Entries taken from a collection
"""

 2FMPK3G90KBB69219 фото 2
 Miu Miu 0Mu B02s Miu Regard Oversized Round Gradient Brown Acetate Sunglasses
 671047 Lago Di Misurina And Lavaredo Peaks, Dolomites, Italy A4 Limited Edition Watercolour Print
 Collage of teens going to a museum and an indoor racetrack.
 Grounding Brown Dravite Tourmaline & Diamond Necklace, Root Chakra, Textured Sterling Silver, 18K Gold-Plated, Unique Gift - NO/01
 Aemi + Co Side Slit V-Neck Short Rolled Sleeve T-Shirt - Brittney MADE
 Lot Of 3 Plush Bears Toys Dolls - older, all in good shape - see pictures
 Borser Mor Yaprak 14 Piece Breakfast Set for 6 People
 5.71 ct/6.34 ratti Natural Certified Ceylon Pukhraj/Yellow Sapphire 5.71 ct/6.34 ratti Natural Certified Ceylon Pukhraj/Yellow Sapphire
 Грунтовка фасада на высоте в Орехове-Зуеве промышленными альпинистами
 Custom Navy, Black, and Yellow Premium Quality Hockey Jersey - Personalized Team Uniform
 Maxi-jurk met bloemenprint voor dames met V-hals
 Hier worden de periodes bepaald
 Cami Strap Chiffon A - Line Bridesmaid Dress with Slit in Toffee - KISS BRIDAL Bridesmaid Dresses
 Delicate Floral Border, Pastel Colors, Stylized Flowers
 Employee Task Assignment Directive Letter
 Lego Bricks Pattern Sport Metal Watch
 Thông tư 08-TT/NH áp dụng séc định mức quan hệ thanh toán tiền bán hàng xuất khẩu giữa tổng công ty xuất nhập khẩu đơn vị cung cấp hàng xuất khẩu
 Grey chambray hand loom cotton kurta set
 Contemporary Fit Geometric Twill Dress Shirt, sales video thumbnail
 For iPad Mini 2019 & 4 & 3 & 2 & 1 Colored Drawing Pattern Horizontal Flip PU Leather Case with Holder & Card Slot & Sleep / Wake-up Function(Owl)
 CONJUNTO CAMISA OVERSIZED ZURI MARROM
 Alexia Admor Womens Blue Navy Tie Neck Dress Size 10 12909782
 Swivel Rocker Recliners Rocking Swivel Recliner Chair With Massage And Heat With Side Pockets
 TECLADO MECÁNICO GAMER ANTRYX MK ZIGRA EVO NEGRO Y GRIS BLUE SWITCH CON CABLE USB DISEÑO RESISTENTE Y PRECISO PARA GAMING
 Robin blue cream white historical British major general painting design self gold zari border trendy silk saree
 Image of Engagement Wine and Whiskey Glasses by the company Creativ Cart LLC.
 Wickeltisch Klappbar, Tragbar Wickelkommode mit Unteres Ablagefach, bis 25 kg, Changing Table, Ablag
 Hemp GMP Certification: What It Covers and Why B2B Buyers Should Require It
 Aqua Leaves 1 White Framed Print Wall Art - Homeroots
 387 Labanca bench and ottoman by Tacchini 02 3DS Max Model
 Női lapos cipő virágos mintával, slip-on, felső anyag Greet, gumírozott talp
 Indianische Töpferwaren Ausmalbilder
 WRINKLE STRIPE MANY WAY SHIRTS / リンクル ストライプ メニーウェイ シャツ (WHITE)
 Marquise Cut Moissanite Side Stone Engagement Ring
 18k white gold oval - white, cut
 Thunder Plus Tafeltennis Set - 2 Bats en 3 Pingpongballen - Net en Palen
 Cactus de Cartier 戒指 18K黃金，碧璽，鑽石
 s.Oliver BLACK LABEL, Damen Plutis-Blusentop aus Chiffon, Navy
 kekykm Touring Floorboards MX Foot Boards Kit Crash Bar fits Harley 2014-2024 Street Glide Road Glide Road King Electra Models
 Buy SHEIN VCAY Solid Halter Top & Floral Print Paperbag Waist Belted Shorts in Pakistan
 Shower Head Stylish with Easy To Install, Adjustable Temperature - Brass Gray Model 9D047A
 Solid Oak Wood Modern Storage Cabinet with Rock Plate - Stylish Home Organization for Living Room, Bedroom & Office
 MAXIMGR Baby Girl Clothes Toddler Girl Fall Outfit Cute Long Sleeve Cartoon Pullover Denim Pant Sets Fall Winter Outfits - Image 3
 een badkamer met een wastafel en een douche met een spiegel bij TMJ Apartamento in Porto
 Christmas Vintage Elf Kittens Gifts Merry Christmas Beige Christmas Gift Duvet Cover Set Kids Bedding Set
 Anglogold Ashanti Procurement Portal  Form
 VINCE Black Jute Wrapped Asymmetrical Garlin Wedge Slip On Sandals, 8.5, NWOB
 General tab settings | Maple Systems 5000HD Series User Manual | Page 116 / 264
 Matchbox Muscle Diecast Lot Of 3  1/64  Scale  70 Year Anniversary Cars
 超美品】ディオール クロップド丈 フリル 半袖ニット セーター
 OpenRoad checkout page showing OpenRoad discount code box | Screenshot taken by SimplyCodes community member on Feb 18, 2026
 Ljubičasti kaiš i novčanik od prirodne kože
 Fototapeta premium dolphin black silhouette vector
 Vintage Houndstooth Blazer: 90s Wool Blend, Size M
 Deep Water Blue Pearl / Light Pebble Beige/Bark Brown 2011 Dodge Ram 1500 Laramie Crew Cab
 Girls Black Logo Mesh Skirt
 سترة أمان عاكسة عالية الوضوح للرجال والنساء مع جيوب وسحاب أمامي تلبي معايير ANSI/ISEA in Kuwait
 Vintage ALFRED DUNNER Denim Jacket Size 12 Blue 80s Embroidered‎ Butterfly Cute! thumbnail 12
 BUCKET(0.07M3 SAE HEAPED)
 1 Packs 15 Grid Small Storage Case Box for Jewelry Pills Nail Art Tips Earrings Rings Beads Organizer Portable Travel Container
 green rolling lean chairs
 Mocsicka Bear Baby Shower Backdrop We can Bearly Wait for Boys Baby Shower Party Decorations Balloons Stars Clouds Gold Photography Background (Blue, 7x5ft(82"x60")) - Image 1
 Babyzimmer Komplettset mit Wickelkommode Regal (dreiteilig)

"""

If a line in the records above contains the word "Sleeve", copy it.

#### Solution to this problem:
 Aemi + Co Side Slit V-Neck Short Rolled Sleeve T-Shirt - Brittney MADE
 MAXIMGR Baby Girl Clothes Toddler Girl Fall Outfit Cute Long Sleeve Cartoon Pullover Denim Pant Sets Fall Winter Outfits - Image 3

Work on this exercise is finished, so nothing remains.